Exercise directions: Output range, inclusive: from the line containing "Baltic Born Jaelyn Ruched Dress |" to the line containing "英國小姐，芮歐夫。（圖／翻攝自Miss England Contest IG）". Restate those lines from the data below word for word and only those.

Extracted material:
================
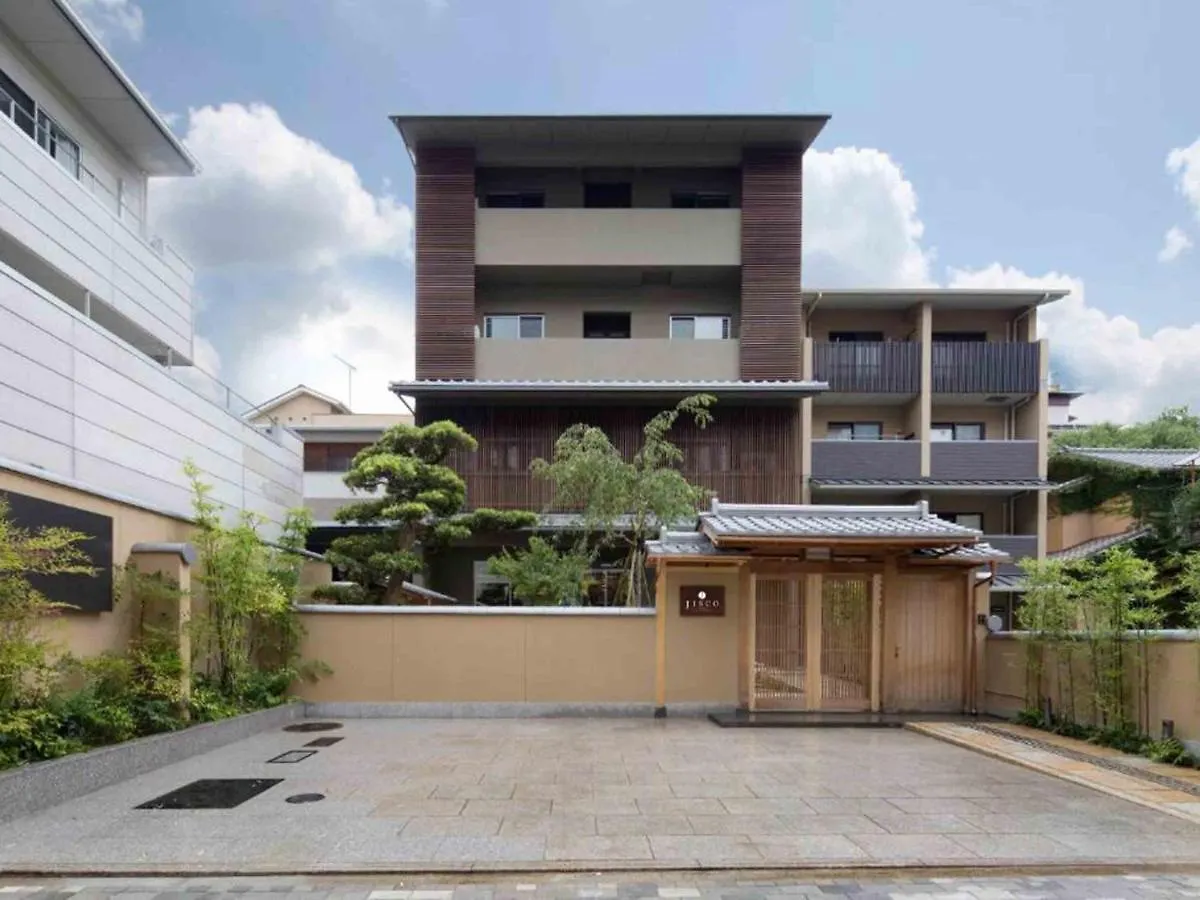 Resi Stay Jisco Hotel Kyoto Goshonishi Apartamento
================
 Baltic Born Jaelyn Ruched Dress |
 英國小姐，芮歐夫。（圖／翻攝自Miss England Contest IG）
================
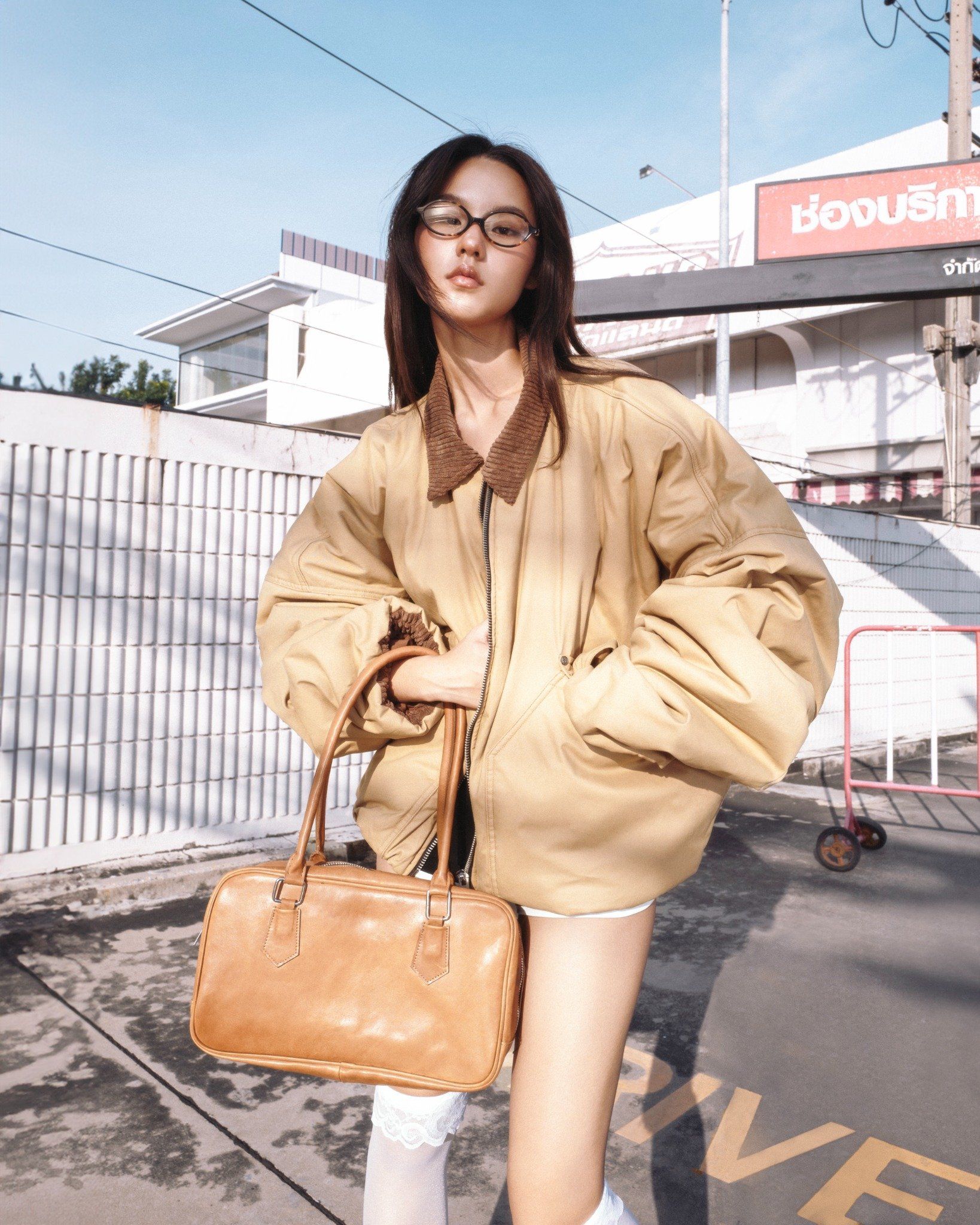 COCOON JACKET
================
Your solution:
 Baltic Born Jaelyn Ruched Dress |
 英國小姐，芮歐夫。（圖／翻攝自Miss England Contest IG）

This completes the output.